Lysbeth lauschte zum Salon. Zum Glück war es in beiden Familien nicht üblich, dass nur die Männer über Geschäfte und Politik und die Frauen lediglich über Mode und Haushalt sprachen. Lydia und Käthe beteiligten sich lebhaft an der politischen Diskussion über permanente Geldentwertung und die Lüge vom Dolchstoß.
Gerade sprach Lydia davon, dass sie 1918, also während des Krieges, auf einer Tagung in einem alten Thüringer Schloss gewesen war. »Ich habe sogar Cynthia gefragt, ob sie Lust habe, mich zu begleiten, aber sie hat nur wie ein verschrecktes Kaninchen geguckt.« Lysbeth spitzte die Ohren. So etwas war während des Krieges möglich gewesen?
»Lydia hat von Beginn an keinen Hehl daraus gemacht, dass sie diesen Krieg widerlich und unvernünftig fand. Ich glaube, Cynthia war ihre Mutter unheimlich. Das gesamte Vaterland führte den Krieg zumindest im Geiste mit, nur ein einziger Mensch stellte sich gegen das nationale Anliegen: Lydia Gaerber. Gegen einen so mächtigen Strom zu schwimmen, schien Cynthia lebensgefährlich. Womit sie ja nicht unrecht hatte.« Karl-Wilhelm Gaerbers Stimme drang auffallend hell und gepresst in Lysbeths Ohren.

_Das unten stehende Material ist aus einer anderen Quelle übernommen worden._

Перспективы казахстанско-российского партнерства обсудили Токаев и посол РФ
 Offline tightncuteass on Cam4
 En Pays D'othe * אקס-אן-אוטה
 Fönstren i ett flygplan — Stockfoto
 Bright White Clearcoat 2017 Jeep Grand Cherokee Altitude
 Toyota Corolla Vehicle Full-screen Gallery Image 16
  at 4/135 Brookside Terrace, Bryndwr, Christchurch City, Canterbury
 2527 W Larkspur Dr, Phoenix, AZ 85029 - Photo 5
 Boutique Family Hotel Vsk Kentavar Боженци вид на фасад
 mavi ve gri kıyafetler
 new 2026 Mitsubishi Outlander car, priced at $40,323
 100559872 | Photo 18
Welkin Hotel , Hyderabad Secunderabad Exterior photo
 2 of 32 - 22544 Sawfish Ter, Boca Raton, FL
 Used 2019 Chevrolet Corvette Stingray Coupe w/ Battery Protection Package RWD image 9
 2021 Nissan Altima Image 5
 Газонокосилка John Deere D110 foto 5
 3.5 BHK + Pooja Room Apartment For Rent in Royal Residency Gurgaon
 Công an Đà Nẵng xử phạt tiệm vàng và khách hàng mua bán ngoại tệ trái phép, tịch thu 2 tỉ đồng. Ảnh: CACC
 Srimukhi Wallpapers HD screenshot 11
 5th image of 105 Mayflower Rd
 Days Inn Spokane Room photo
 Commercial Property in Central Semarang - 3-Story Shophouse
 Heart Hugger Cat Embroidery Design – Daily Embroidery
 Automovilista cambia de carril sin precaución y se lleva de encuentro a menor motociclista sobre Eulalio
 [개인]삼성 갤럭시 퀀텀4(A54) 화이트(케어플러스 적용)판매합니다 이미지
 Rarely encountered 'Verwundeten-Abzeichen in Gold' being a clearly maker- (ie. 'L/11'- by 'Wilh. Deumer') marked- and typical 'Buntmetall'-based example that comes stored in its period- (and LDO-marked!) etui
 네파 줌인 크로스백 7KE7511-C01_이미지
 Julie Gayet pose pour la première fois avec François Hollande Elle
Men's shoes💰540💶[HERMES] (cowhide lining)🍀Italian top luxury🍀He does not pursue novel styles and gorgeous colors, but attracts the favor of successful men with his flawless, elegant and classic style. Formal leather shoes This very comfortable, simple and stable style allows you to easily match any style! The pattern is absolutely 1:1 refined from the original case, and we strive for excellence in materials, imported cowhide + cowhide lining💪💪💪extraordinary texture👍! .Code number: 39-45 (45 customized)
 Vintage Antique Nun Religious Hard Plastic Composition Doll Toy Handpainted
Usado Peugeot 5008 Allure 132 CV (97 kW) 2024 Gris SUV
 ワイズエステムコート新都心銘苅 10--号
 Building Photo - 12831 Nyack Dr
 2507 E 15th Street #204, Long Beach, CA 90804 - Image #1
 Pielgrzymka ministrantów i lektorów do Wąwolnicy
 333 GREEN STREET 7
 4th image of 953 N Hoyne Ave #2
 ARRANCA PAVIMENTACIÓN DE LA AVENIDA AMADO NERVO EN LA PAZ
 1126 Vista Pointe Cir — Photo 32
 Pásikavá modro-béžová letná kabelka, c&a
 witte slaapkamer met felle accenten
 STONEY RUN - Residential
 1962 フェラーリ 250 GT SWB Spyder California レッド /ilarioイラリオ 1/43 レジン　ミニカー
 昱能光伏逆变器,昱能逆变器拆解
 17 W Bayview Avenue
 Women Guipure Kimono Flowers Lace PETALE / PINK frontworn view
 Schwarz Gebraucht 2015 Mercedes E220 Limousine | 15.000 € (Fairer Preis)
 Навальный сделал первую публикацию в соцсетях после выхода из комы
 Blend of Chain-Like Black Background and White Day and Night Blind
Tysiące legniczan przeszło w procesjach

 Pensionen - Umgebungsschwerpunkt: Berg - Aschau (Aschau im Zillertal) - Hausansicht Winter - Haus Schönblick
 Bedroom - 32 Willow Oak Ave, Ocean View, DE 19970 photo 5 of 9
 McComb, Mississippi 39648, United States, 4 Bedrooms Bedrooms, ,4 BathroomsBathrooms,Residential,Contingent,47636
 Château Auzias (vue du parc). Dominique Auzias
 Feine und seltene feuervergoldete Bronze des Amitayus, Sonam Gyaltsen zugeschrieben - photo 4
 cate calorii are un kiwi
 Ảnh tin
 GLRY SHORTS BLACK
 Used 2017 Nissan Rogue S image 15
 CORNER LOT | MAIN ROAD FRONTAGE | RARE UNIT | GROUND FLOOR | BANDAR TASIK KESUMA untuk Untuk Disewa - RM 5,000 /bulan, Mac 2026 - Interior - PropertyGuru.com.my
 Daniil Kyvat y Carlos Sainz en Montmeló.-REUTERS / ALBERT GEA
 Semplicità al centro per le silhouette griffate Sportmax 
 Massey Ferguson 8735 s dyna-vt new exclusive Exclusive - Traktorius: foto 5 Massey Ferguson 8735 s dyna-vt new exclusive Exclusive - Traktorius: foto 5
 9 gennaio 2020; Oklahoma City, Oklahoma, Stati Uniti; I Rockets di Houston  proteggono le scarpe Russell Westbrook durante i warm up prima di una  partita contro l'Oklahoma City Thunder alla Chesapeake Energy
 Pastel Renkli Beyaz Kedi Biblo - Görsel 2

»Versteck dich mal nicht hinter deiner Tochter!« Lysbeth zuckte zusammen. Das klang scharf. Die folgenden Worte klangen noch schärfer. »Hätte ihr Vater eine eindeutige Haltung für oder gegen den Krieg eingenommen, wäre es Cynthia leichter gefallen, sich eindeutig gegen mich zu stellen oder aber stillschweigend mit einem von uns übereinzustimmen. So aber spürte sie neben dem irritierenden Gegensatz von allgemeiner Autorität und meiner Meinung vor allem, wie unglücklich der Vater über mich war, weil ich Dinge aussprach, gegen die er keine Argumente wusste, die ihn als Geschäftsmann jedoch noch mehr in Schwierigkeiten brachten, als er ohnehin schon war.«
Lysbeth hielt den Atem an. Stritten sich die beiden dort in aller Öffentlichkeit? Sie hatte nie einen Streit zwischen ihren Eltern miterlebt.
»Der Vater bin ich«, klang es da trocken von nebenan. Alle lachten. Wenn auch beklommen. »Wenigstens hat Cynthia den Vorschlag ihrer Mutter abgelehnt.«
»Die Mutter bin ich!« Das nun folgende Lachen klang bereits etwas gelöster. Käthe und Alexander Wolkenrath schienen sich darauf einzustellen, dass in diesem Hause nicht nur über Politik freimütig debattiert wurde, sondern auch über eheliche Zwistigkeiten.
»Ich kam mir vor wie eine Verräterin.« Lysbeth zuckte zusammen. Cynthias Atem streifte ihre Wange. Sie hatte nicht mitbekommen, dass der Tanz beendet war und...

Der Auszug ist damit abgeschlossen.